That was the thing - you couldn't.

I don't remember which way the level hierarchy went, but the idea was that rpm
could not be executed directly even by root (LSM prevented that), and all
package installation logic was confined to Zypper/libzypp. Packages and repos
could declare their security level. Trying to pull in an upgrade to a
LEVEL(core) package from a LEVEL(media) repository would fail. Zypper simply
would not allow to install a package from a lower-security repository over an
installed package that had come from a higher-security origin. Manually added
LEVEL(core) repos would have been ignored.

There were a few layers of applied crypto, package signatures and immutable
keyrings involved too. I had a prototype Zypper/libzypp with package-level
signature verification almost ready just before my vacation and planned to
polish it to an RFC after coming back. Best laid plans... During those two
weeks the entirety of Nokia's linux development had been axed, maemo killed
and thousands of good embedded systems engineers were suddenly looking for new
jobs.

Funny thing, though. Zypper's source code was almost pleasant to work with
after having seen the Lovecraftian horrors that made up libapt.

------
ecmascript
Security has always been one of my biggest worries when using node. The
mentality in the javascript world seems to be to simply not care.

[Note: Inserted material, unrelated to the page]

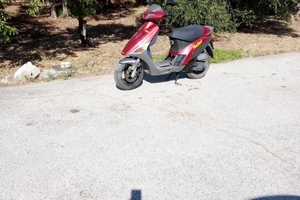 Scooter di color bordó MAI usato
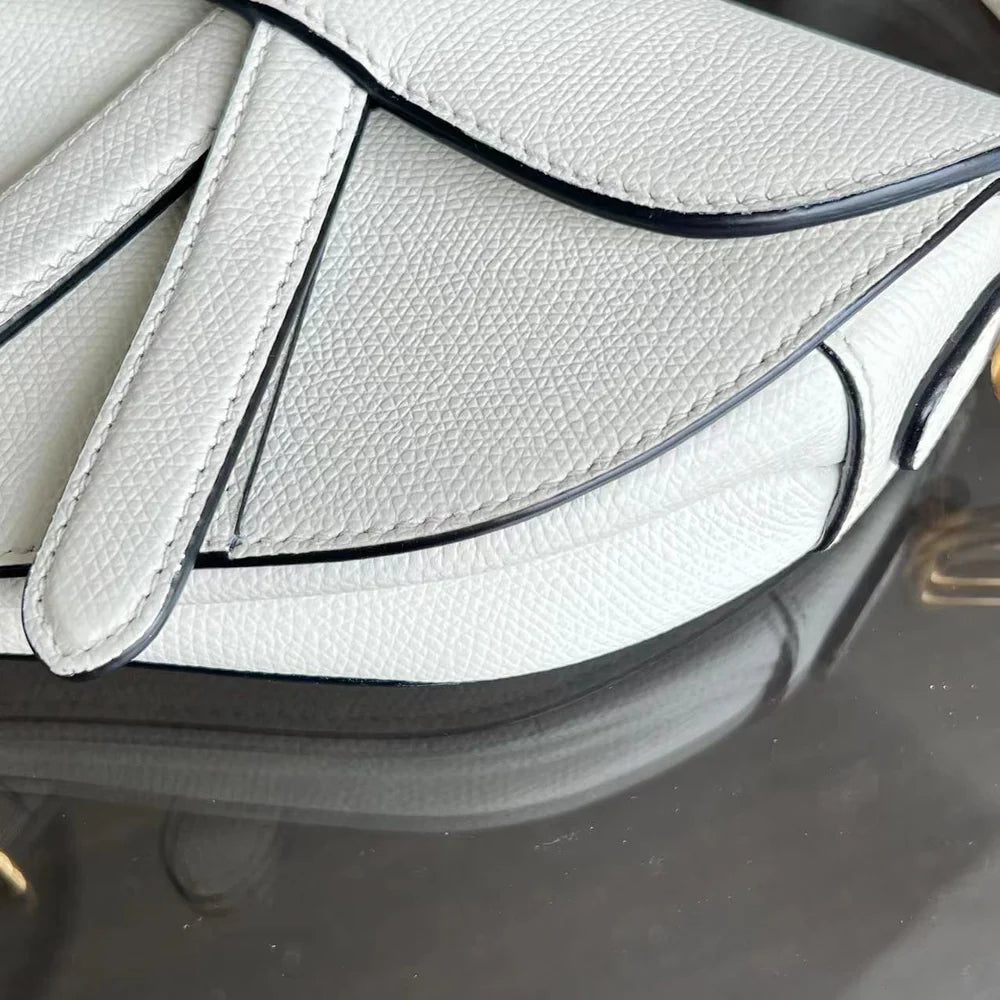 *With Strap, Grained Calfskin* Dior Saddle Small 21CM Grained Calfskin White GHW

To just use whatever libraries. On all the node.js projects I have worked on,
none has had any security aspects when importing a new library. That is a bit
scary since many libraries has a ton of dependencies themselves.

Not once have I even heard a discussion about a security topic or perhaps
maybe vetting dependencies and similar stuff.

------
fock
or maybe just make a standard library (with a tool to pick only what's
necessary for the web) - I think the worst thing is the incredible number of
packages just replacing the node-native modules. One would suppose that in a
"always-run-on-the-latest-version"-ecosystem one would try to integrate those
into the mainline, but apparently some people really like a filled
package.json...

Also if you look close, a lot of commonly required modules in the big projects
are just used once in an act of "code"-spam by interested parties...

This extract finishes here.